There are many ways to raise happy, well-adjusted kids, but science has a few tips for making sure they turn out okay. From keeping it fun to letting them leave the nest, here are 10 research-based tips for good parenting
Support the shy ones
A little shyness is one thing, but kids with behavioural self-consciousness — a trait that refers to shyness and also intense caution in the face of new situations — may be at higher risk of developing anxiety disorders, according to researchers. And parents who refuge kids demonstrating this kind of symptom (in effect, encouraging this shyness) may actually make the situation even worse.
So how do you support shy kids? The key is to get them out of their comfort zones without trying to change their nature. Why not just break them of their shy habbits? Research has shown that shyness is a part of some children’s personality and a very tricky trait to change. In other words, it’s better to work with shyness than against it.
Live in the moment
Adults are more likely to continually think about the future, but kids — especially pre-school-age kids (ages 2 to 5) — live in the moment, scientists say. To get on a kid’s level, parents need to be trained how to live in the moment, too.

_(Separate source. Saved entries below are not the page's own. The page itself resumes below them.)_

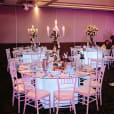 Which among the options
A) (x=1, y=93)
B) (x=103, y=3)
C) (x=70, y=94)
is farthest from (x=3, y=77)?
(x=103, y=3)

As a replacement for of telling a 3 year old that it’s time to get ready for some future action, like going to school, parents should give their child a clear set of instructions. Replace indistinct statements like “it’s almost time for school” with clear, simple explanations and directions, such as, “We need to leave for school. It’s time to get your coat.”
Tell them how they feel
While older kids are generally regarded as the kings and queens of self-expression, young children often require the words to properly label their own emotions, according to researchers who study child development.
Kids ages 2 to 5 are just starting to recognize emotions like fear, frustration or disappointment. You can help your kid express herself by calling out such emotions when you see them. For example, a parent might say, “It’s disappointing that it’s raining outside, and you can’t go out to play..
The frenzied schedule of middle age doesn’t always vibe with the relaxed pace of childhood.
“Children move at a slower rate,” and parents should try to match that pace. By setting up extra time for the little things, like a bedtime routine or a trip to the grocery store, parents can turn hectic chores into more meaningful time with their children, she said.
Remember, teenage irritability is real
Just when the bad temper of your child’s toddler years seems like ancient history, you can expect such emotional outburst to make another appearance.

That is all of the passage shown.